Cystic fibrosis (CF) is a serious, age-progressive, life-limiting, autosomal recessively inherited multiorgan disease, characterized in childhood mainly by failure to thrive and recurrent respiratory infections with chronic obstruction. The development of the disease cannot be predicted even with ever-improving diagnostic and therapeutic options.
Efforts to maximally compensate for the underlying disease, prevention and early treatment of complications, and especially personalized care with the possibility of innovative therapy in patients with good compliance while meeting genetic and age aspects, is the essence of the current therapeutic approach to patients with CF. With the discovery and introduction of innovative therapy with CFTR protein modulators into clinical practice, the quality of life of patients and the prognosis of the disease have significantly improved since 2012.

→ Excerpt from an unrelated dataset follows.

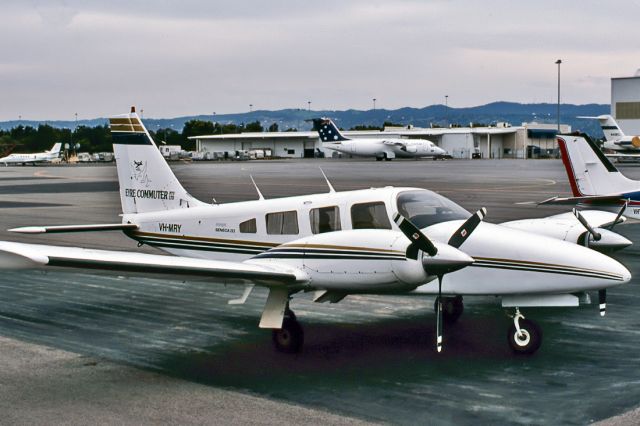 Piper PA-44 Seminole (VH-MRY) - EYRE COMMUTER - PIPER PA34-200T SENECA MK II - REG : VH-MRY (CN 34-8233026) - ADELAIDE INTERNATIONAL AIRPORT SA. AUSTRALIA - YPAD 25/10/1995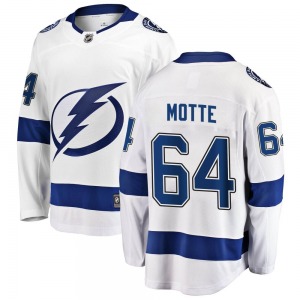 Adult Breakaway Tampa Bay Lightning Tyler Motte White Away Official Fanatics Branded Jersey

There are currently four types of CFTR modulators available in the Czech Republic: the ivacaftor potentiator alone (Kalydeko) or in combination with the lumacaftor corrector (Orkambi), the tezacaftor corrector (Symkevi), or two elexacaftor and tezacaftor corrector (Kaftrio). If the indication criteria for causal therapy are not met, the effort remains to maximize the intensification of symptomatic treatment with the incorporation of PhysioAssist or Simeox into the daily regimen to facilitate expectoration and ensure effective airway clearance.
As the presented case report of a 13-year-old girl demonstrates, clinical. laboratory and functional benefits from causal threrapy can also be expected in CF patients who meet the indication for modulator treatment according to the U.S. Food and Drug Administration.